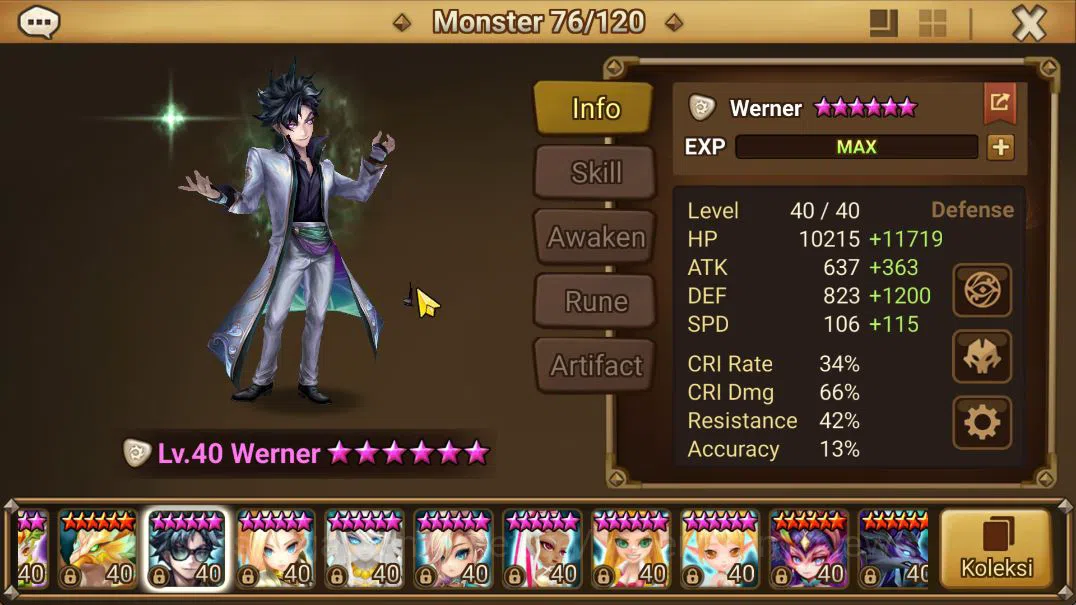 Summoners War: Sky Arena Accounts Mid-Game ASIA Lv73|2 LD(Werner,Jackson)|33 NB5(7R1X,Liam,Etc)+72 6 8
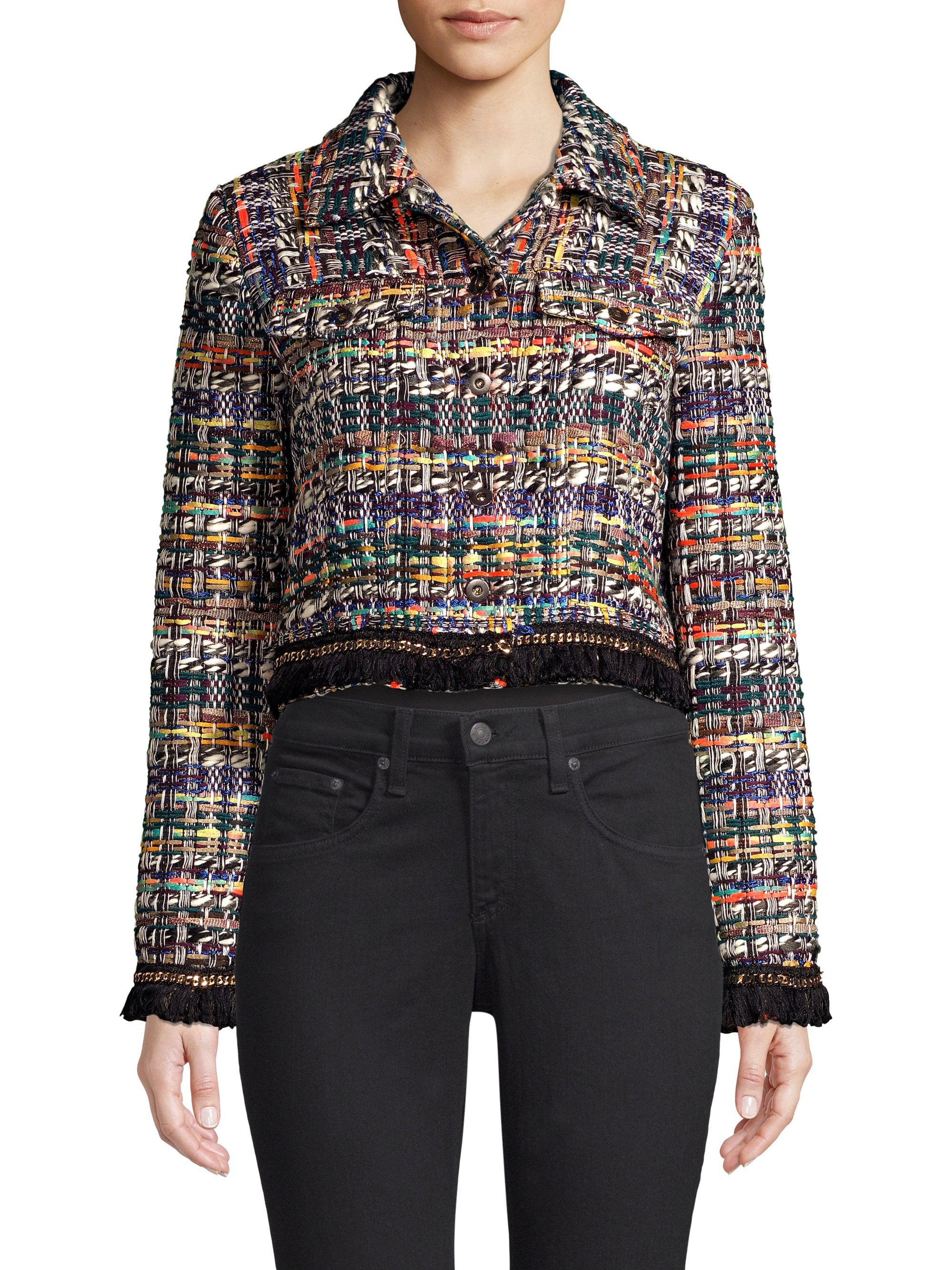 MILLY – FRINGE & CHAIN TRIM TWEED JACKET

...

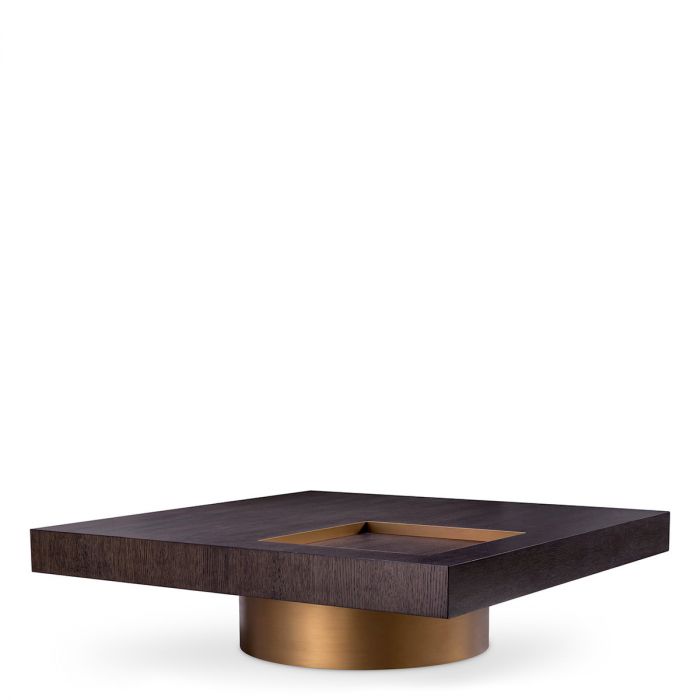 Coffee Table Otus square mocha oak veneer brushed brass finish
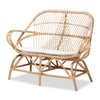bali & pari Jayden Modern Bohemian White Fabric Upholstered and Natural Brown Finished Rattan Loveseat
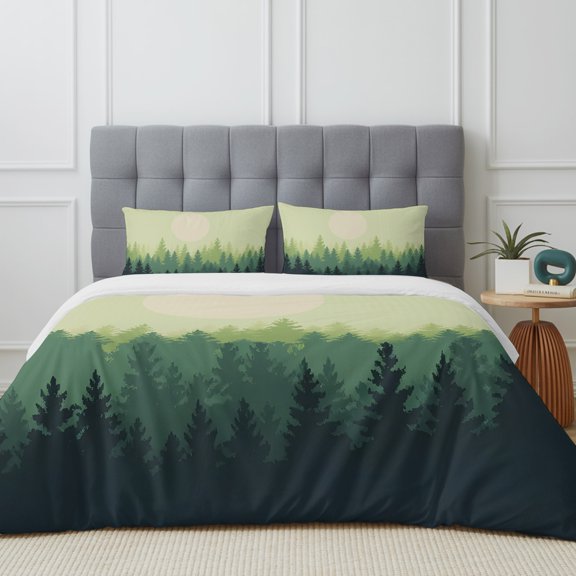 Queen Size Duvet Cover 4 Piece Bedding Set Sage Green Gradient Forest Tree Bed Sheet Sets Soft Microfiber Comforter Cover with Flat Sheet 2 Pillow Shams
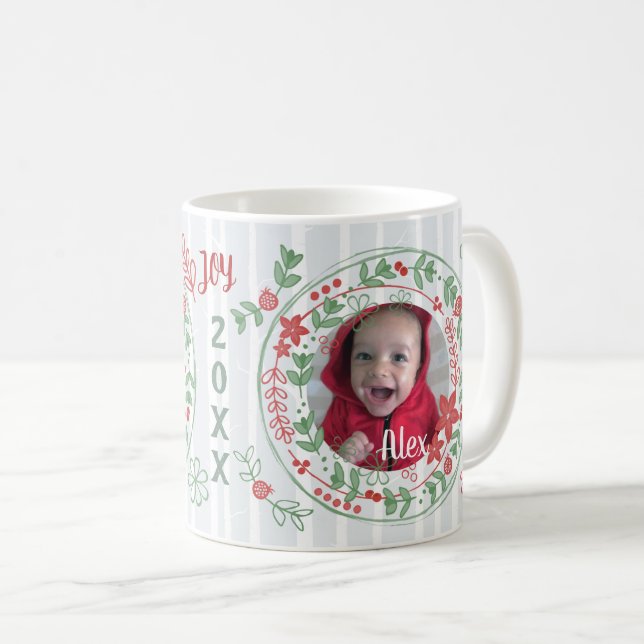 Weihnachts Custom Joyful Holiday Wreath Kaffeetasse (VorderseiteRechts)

...

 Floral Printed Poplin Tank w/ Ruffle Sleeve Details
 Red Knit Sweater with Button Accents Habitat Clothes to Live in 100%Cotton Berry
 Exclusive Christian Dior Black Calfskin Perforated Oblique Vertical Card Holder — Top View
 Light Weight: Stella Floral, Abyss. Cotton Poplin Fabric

▸ TASK BRIEF: With the pictures omitted, print the lines above exactly, beginning at the line with "bali & pari" and going on through the line with "Queen Size Duvet".

▸ ANSWER SPACE:
bali & pari Jayden Modern Bohemian White Fabric Upholstered and Natural Brown Finished Rattan Loveseat
 Queen Size Duvet Cover 4 Piece Bedding Set Sage Green Gradient Forest Tree Bed Sheet Sets Soft Microfiber Comforter Cover with Flat Sheet 2 Pillow Shams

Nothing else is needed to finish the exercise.